Si Borges fue la inteligencia desmesurada, el narrador, poeta y ensayista cubano José Lezama Lima fue la belleza sin coto, la incandescencia llevada a límites cegadores. Y no ubico de casualidad al caribeño junto al argentino, pues ambos no sólo representan, creo, dos extremos del talento en Latinoamérica, sino que pueden fácilmente ser unidos en virtud de sus abismales diferencias. Si Borges es la contención, el equilibrio, la suprema elegancia de la matemática verbal, Lezama es el torrente, el chisporroteo, la canasta con todas las frutas unidas en una orgía de colores que nadie puede bien a bien entender, pero que a muchos seduce.
Nació Lezama en 1910, y un 9 de agosto de 1976 murió —porque era imposible que pudiera morir en otro sitio— en La Habana. Al escribir sobre él en este preciso momento, en la madrugada del 9 de agosto de 2006, sobre un camión en marcha de la línea Turistar rumbo a la ciudad de México, me siento atravesado por la paradoja: Lezama, quien por su asma, su obesidad y su terror al transporte se autodefinía como el “peregrino inmóvil”, es ahora descrito por mi computadora móvil con el ánimo de no dejar pasar este día sin celebrar que hoy, hace treinta años, el habanero atravesó la frontera de la vida para colocarse al lado de los muertos invencibles por la muerte.
Sólo un par de veces salió el poeta de La Habana; se sabe que alguna vez estuvo en Jamaica y otra en México. Su condición de ser humano estático no le impidió, sin embargo, henchirse de mundo; como pocos, como muy pocos, Lezama era capaz de describir todas las realidades, incluidas las que creaba su pulposa fantasía, con tal detallismo que alcanzó algo así como el estatuto de cosmopolita honorario. La lectura fue entonces, para él, la puerta y el camino, el salvoconducto al universo-mundo agazapado en signos sobre papel.

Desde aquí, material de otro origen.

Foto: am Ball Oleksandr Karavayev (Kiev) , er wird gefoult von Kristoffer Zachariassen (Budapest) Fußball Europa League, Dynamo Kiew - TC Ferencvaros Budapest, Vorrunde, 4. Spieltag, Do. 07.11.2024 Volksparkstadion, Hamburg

Y conquistó. Ganó lectores, lo que de alguna forma es ganar batallas, sin moverse de su amable sillón. Desde allí, como desde un trono, Lezama armó sus libros, leyó toda la literatura, forjó legendarias revistas, instruyó a jóvenes escritores, despachó lentos habanos, saboreó pasteles, bebió infusiones mágicas e imaginó un mundo literario al que no le servía la expresión convencional, de ahí que, como agua que por naturaleza abre rendijas en la roca, inventó un español casi ajeno al español, tan suyo que hasta los lectores más feroces del momento —Cortázar, Vargas Llosa, Fuentes, Monsiváis— tuvieron que rendir su admiración al gordo aquel varado por siempre en la calle Trocadero de La Habana vieja.
La nota periodística que me trae el recuerdo de este aniversario me permite, pese a la improvisación de estas palabras en tránsito, citar un breve pasaje de la obra lezamiana. Acostumbrados como estamos al menor esfuerzo en todo, y esto incluye la lectura, el cubano siempre decía que “sólo lo difícil es estimulante”. Cierto que su obra es un desafío y quien quiera encontrar diamantes debe picar piedra; Lezama es una veta para eso. No por ello dejamos de encontrar luminosos y claros momentos en su obra, como éste donde se transparenta su inquietante genio: “a todo sobreviví y he de sobrevivir también a la muerte. Heidegger sostiene que el hombre es un ser para la muerte; todo poeta, sin embargo, crea la resurrección, entona ante la muerte un hurra victorioso...”.